(Beginning of ENTRIES PROVIDED)

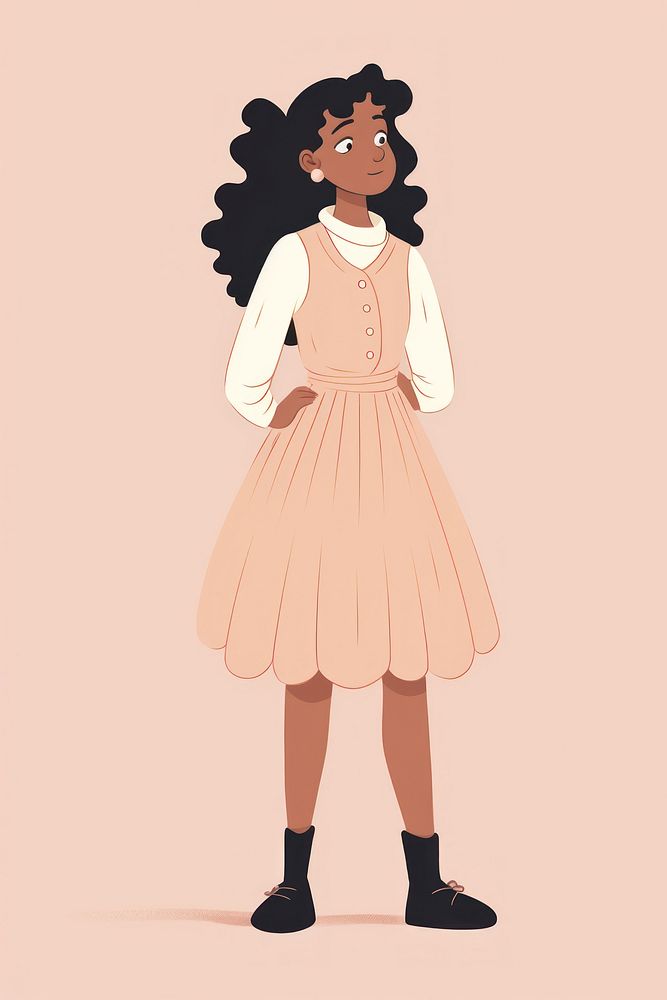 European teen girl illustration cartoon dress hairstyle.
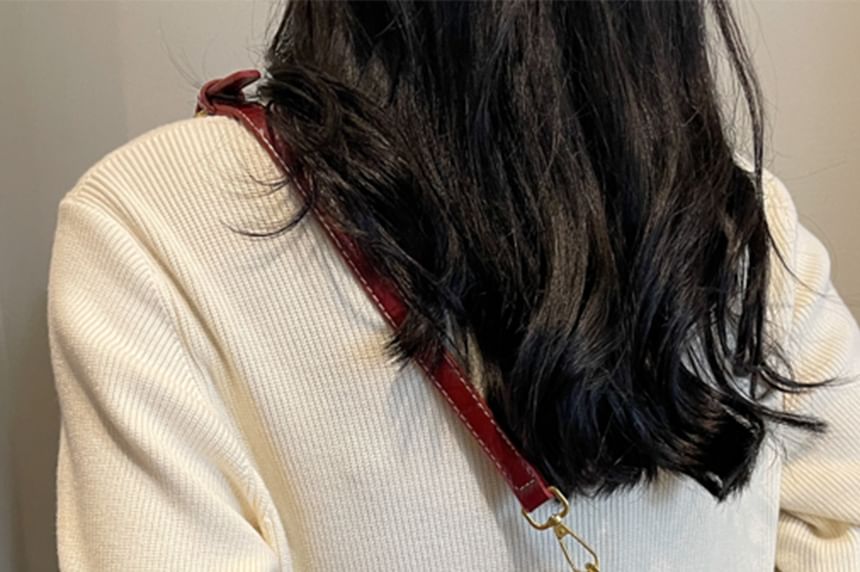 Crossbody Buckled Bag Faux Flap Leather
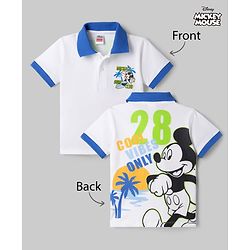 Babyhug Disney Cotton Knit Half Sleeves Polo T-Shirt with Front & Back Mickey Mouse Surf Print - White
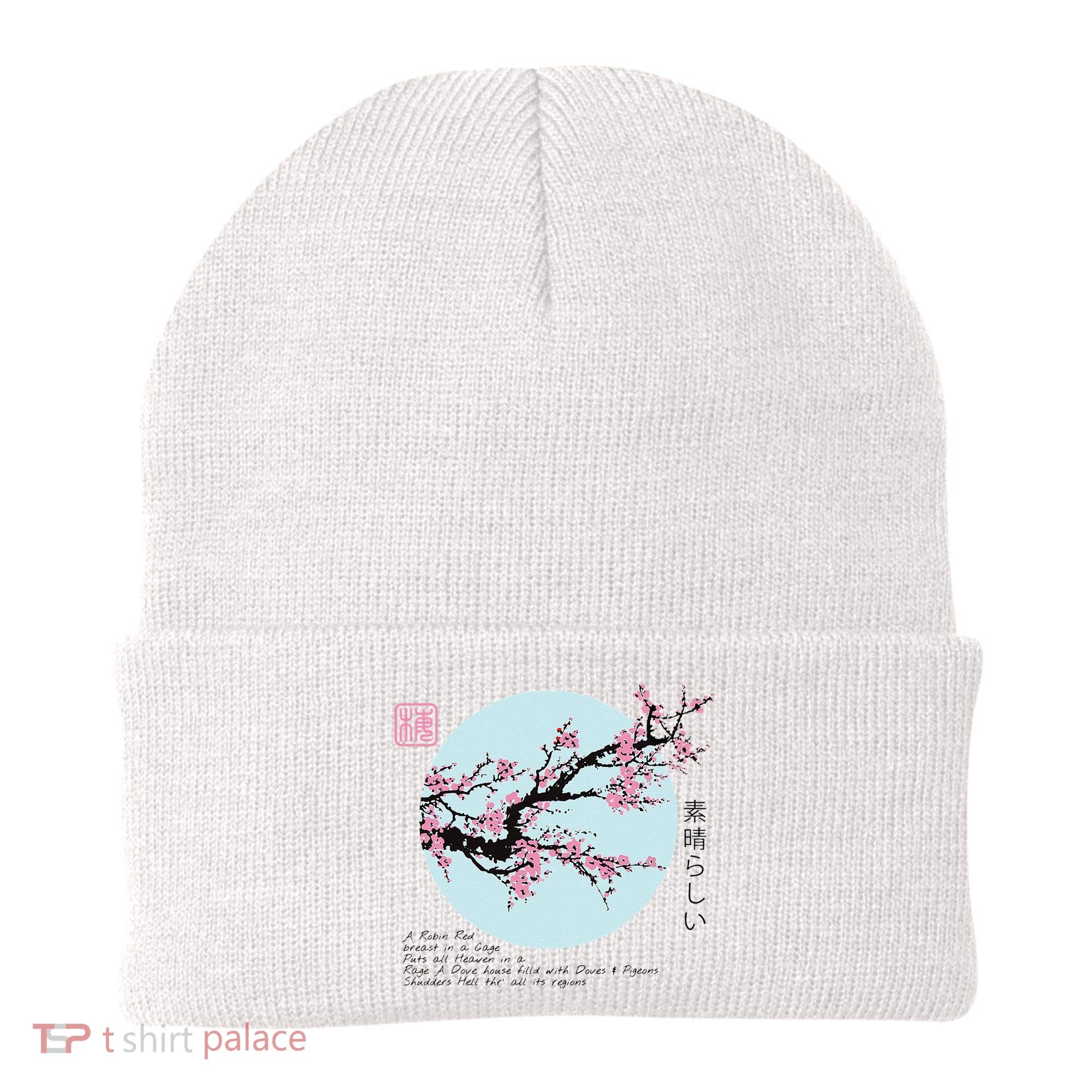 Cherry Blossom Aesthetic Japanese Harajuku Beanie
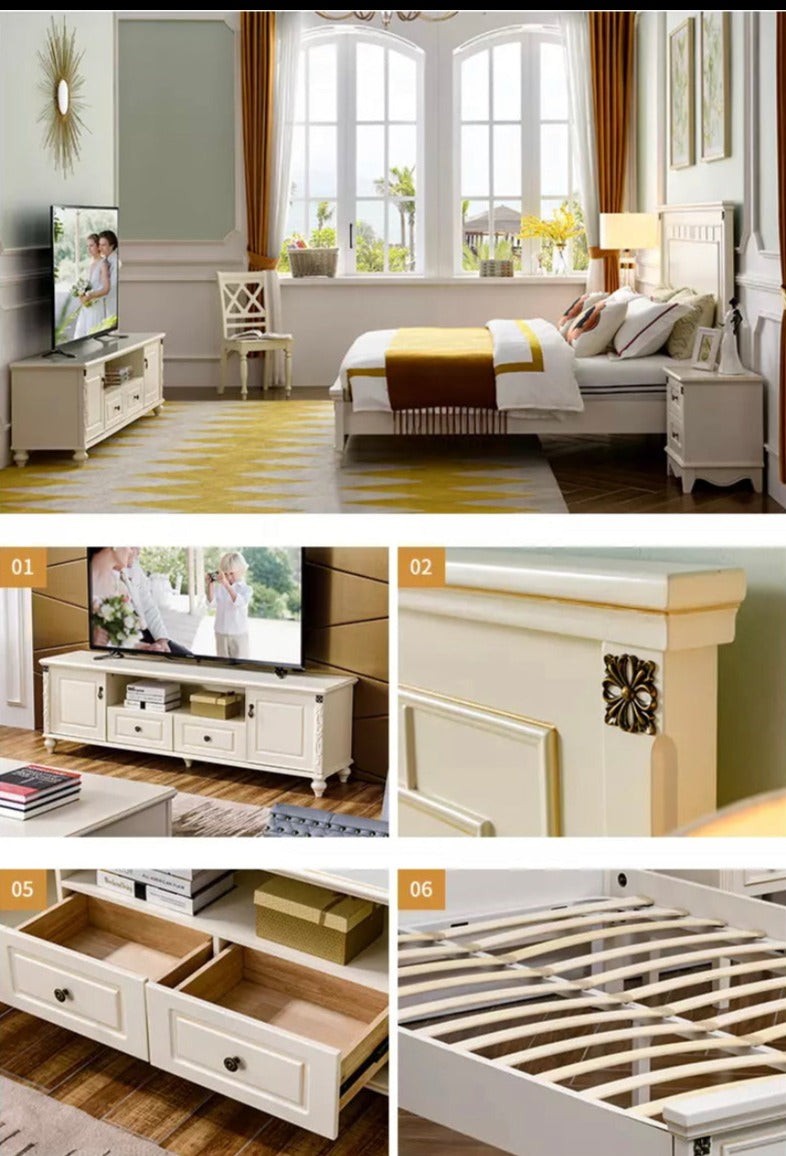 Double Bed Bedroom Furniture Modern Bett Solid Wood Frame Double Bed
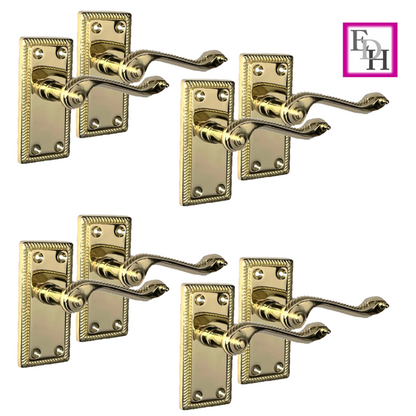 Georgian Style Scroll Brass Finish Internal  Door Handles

(End of ENTRIES PROVIDED)

THE PROBLEM:
Give again the lines from the line that contains "Cherry Blossom Aesthetic" through the last line of the material above, exactly and with both ends included. Omit the pictures.

ANSWER TO THE EXERCISE:
 Cherry Blossom Aesthetic Japanese Harajuku Beanie
 Double Bed Bedroom Furniture Modern Bett Solid Wood Frame Double Bed
 Georgian Style Scroll Brass Finish Internal  Door Handles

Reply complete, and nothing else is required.